Question

If ${V_o}$ be the orbital velocity of a satellite in a circular orbit close to the earth’s surface
and ${V_e}$ is the escape velocity from the earth, then relation between the two is
A. ${V_e} = 2{V_o}$
B. ${V_e} = \sqrt 3 {V_o}$
C. ${V_e} = {V_o}\sqrt 2 $
D. ${V_o} = {V_e}$

Answer 1

Hint: Orbital velocity is the velocity with which an object revolves around a huge body and escape velocity is the velocity required by an object to overcome the gravitational force of the huge body and escape from the orbit to infinity. Write the formulas of orbital velocity and escape velocity and compare them to find a relation between them.

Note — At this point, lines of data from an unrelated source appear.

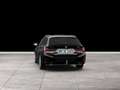 BMW 320 d xDrive M Sport HUD PANO AHK SHZ RFK LM Schwarz - thumbnail 7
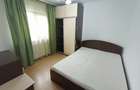 Apartament cu 2 camere decomandat în Nicolina - 3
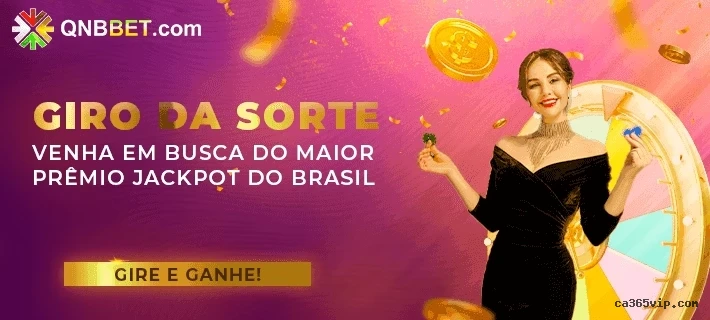 Ca365.com Cassino Clássico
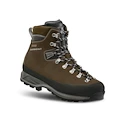 Pánská outdoorová obuv Garmont Dakota Lite Gtx Arid  UK 9,5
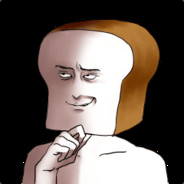 _ХЛЕБУШЕК_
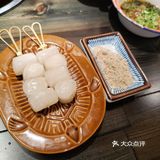 夫子庙附近不可错过的牛腩煲‼️每口肉都是享受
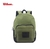 Mochilas Wilson por encargue ! VARIOS MODELOS ! - tienda online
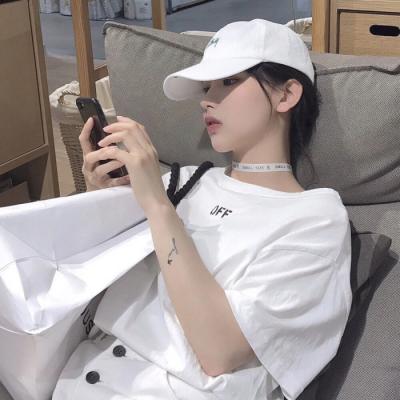 抖音热门女生头像！20张高清好看的抖音美女头像合集
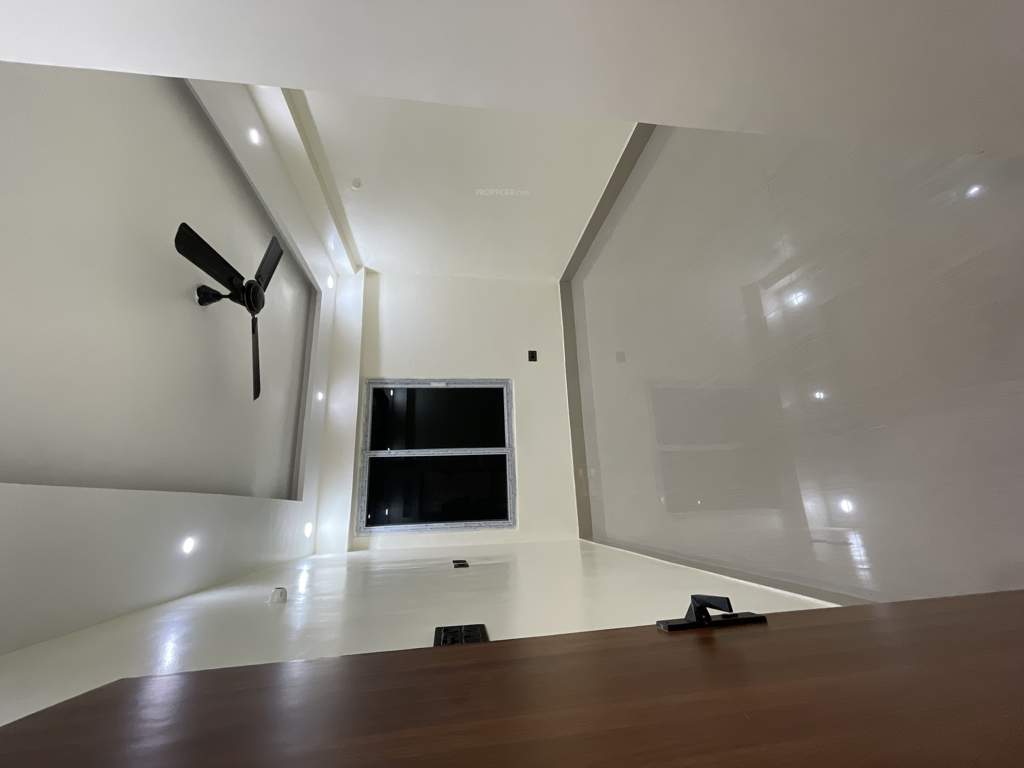 tiruvantpuram city Bedroom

Complete step by step answer:
Orbital velocity of a satellite is ${V_o}$ and escape velocity of the satellite is ${V_e}$
We are given to find the relation between escape velocity and the orbital velocity of the satellite from the earth.
For a spherically symmetric huge body such as a satellite, the escape velocity, at a given distance is
${V_e} = \sqrt {\dfrac{{2GM}}{R}} $
Orbital velocity of a satellite in a circular orbit close to the earth’s surface is
${V_o} = \sqrt {\dfrac{{GM}}{R}} $
Escape velocity of the satellite can be written as ${V_e} = \sqrt {\dfrac{{2GM}}{R}} = \sqrt 2 \times \sqrt {\dfrac{{GM}}{R}} $
Where $\sqrt {\dfrac{{GM}}{R}} $ is the orbital velocity ${V_o}$. Substitute ${V_o}$ in the place of $\sqrt {\dfrac{{GM}}{R}} $ in the above equation.
The resulting equation will be
$
{V_e} = \sqrt 2 \times {V_o} \\
{V_e} = {V_o}\sqrt 2 \\
$
The escape velocity of the satellite is square root of 2 times of its orbital velocity.
Therefore, the correct one is Option C, ${V_e} = {V_o}\sqrt 2 $

Note: Orbital velocity is the velocity needed to keep a satellite moving in an orbit whereas critical velocity is the velocity required to put the same satellite into an orbit. There is a slight difference between these two velocities. Do not confuse while defining them.